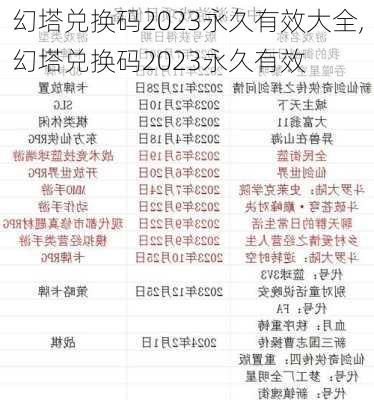 幻塔兑换码2023永久有效大全,幻塔兑换码2023永久有效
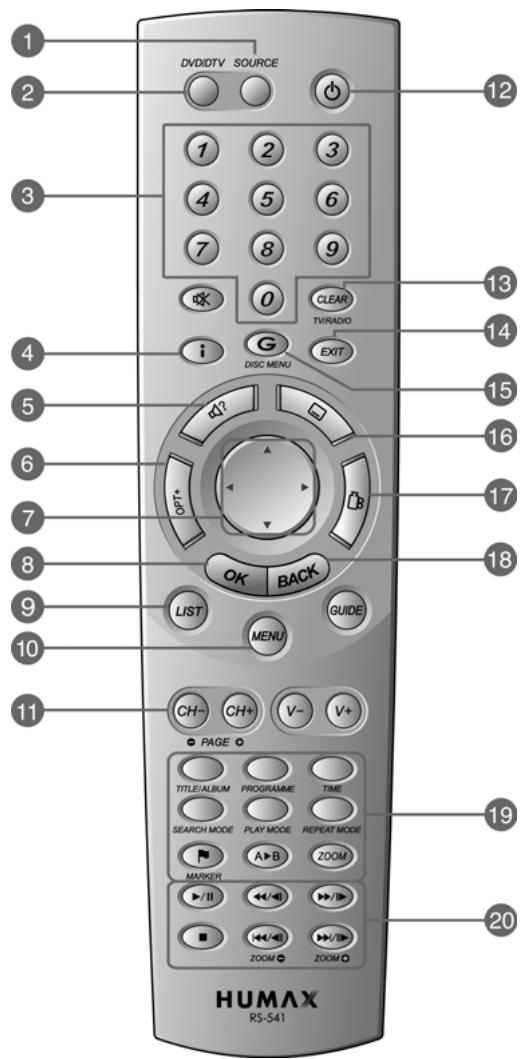 HUMAX DV-1100S - DVD RCU - 1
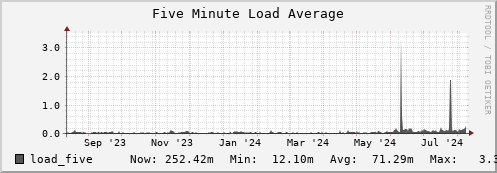 penguin10.mgmt.grid.surfsara.nl load_five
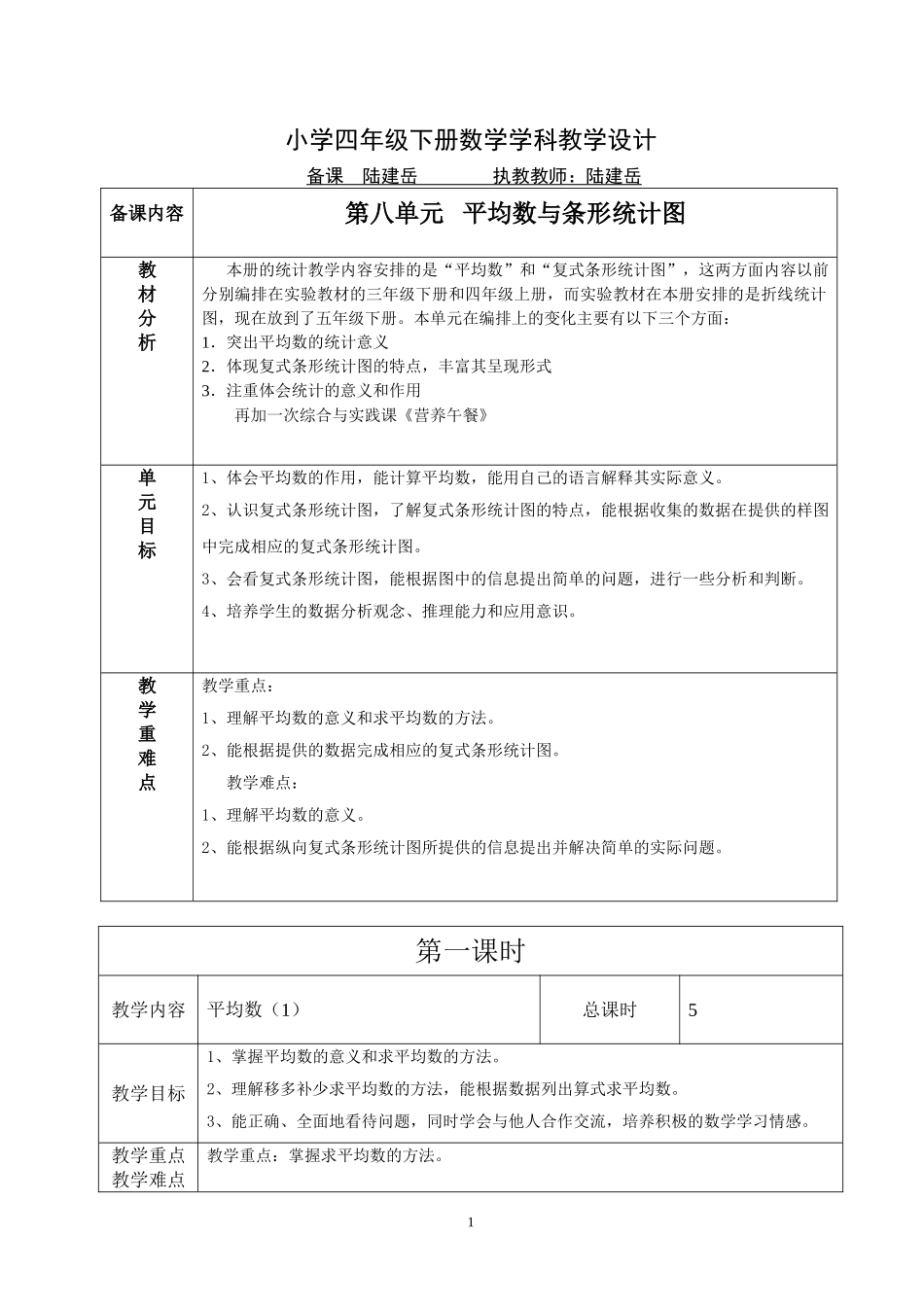 人教2011版小学数学四年级平均数与条形统计图_第1页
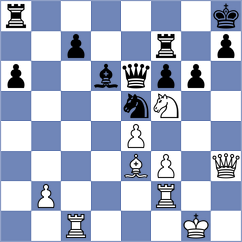 Ciuksyte - Stefanova (chess.com INT, 2022)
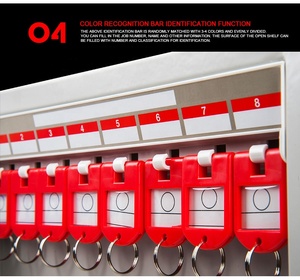 Tiêu chuẩn an toàn sản phẩm kim loại 24 phím ngoài trời tường <span class=keywords><strong>Key</strong></span> <span class=keywords><strong>Box</strong></span> hỗ trợ tùy biến realtor <span class=keywords><strong>Key</strong></span> khóa hộp - Product Image 6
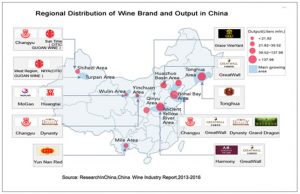 wine country China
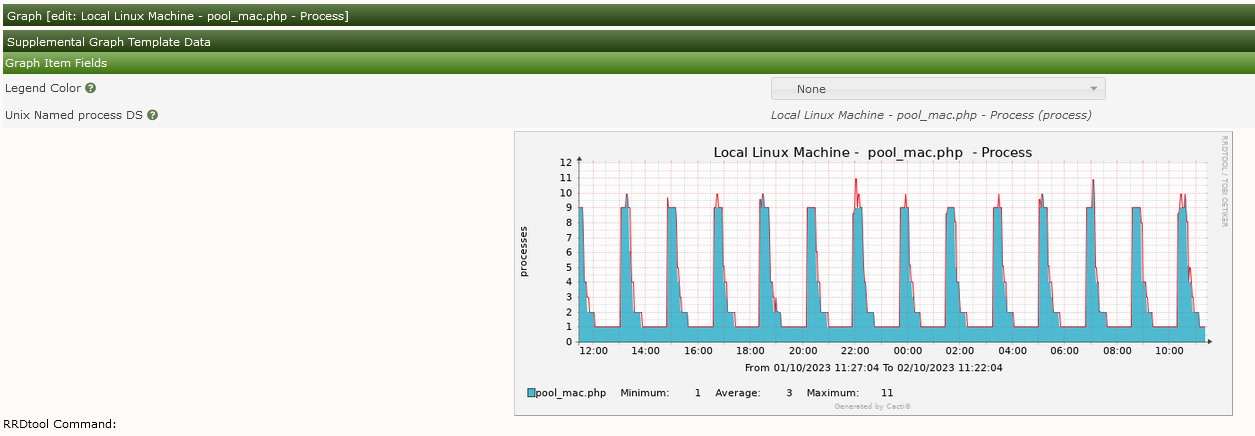 pool_mac_graph.png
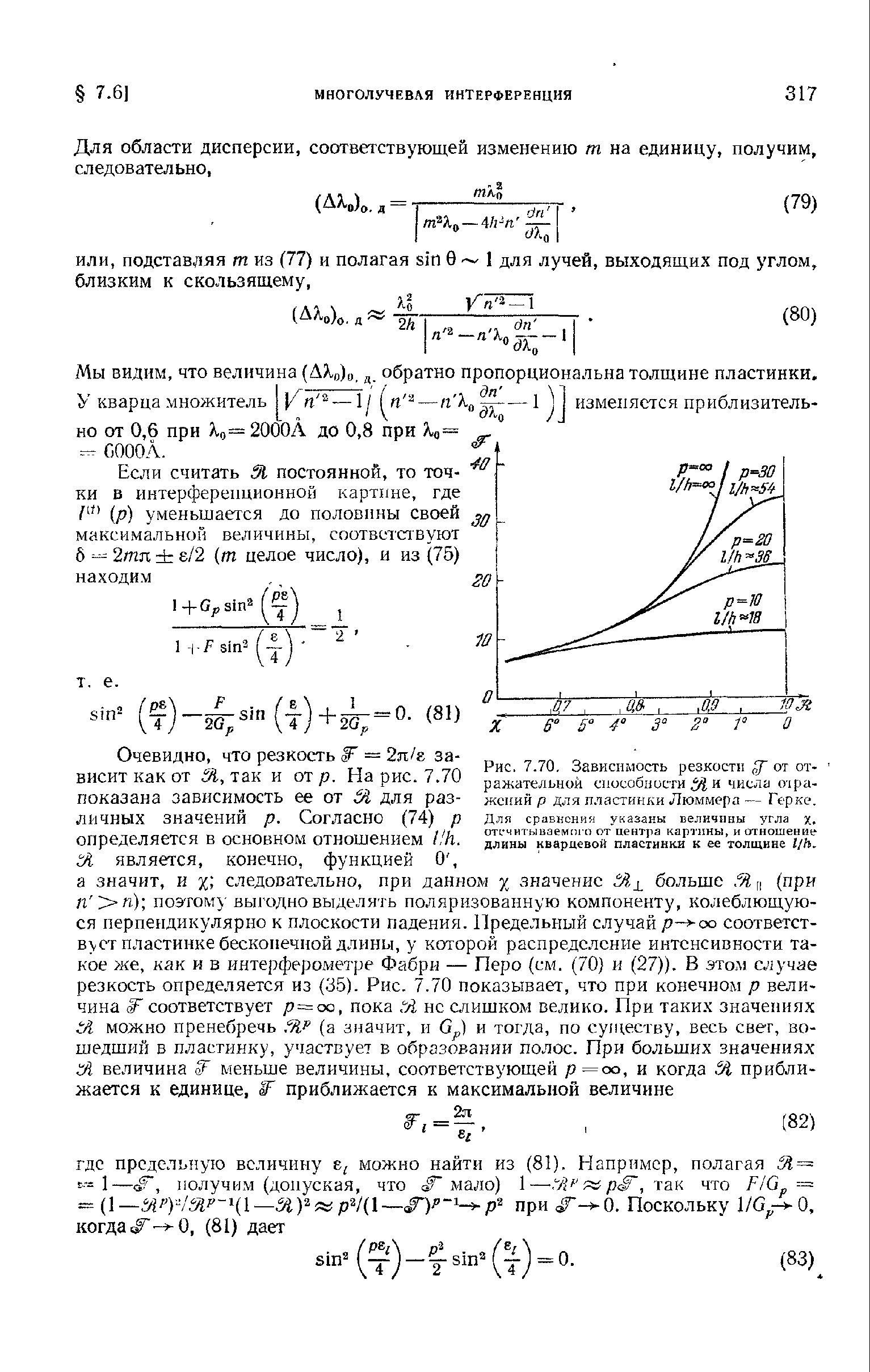 Рис. 7.70, Зависимость резкости Г от отражательной сиособности и числа отра-жокин р для пластинки Люммера — Герке. Для сравнения указаны величины угла х. от1 читываемс)го от центра картины, и отношение длины кварцевой пластинки к ее толщине l/h.
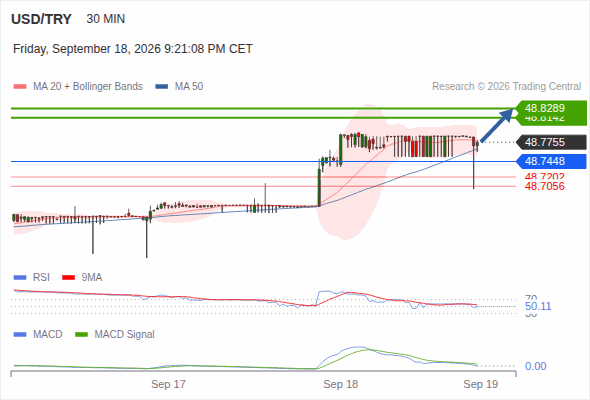 As long as 48.7448 is support, look for 48.8289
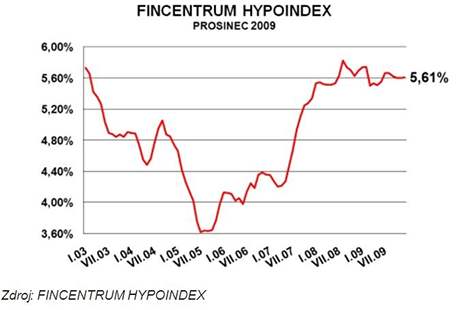 graf hypoindex prosinec 2009
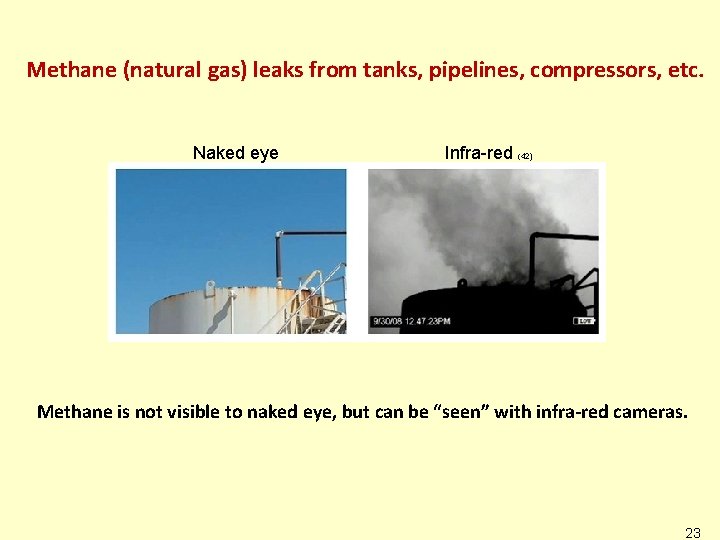 Methane (natural gas) leaks from tanks, pipelines, compressors, etc. Naked eye Infra-red (42) Methane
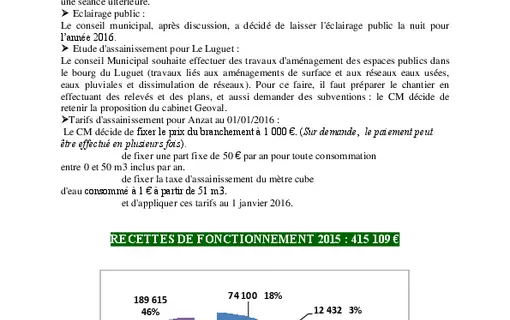 Bulletins Municipaux 2016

TASK OBJECTIVE: Give back word for word the lines from the one containing "Рис. 7.70, Зависимость" through the final line of the data above. Pictures are to be left out.

EXERCISE RESPONSE:
 Рис. 7.70, Зависимость резкости Г от отражательной сиособности и числа отра-жокин р для пластинки Люммера — Герке. Для сравнения указаны величины угла х. от1 читываемс)го от центра картины, и отношение длины кварцевой пластинки к ее толщине l/h.
 As long as 48.7448 is support, look for 48.8289
 graf hypoindex prosinec 2009
 Methane (natural gas) leaks from tanks, pipelines, compressors, etc. Naked eye Infra-red (42) Methane
 Bulletins Municipaux 2016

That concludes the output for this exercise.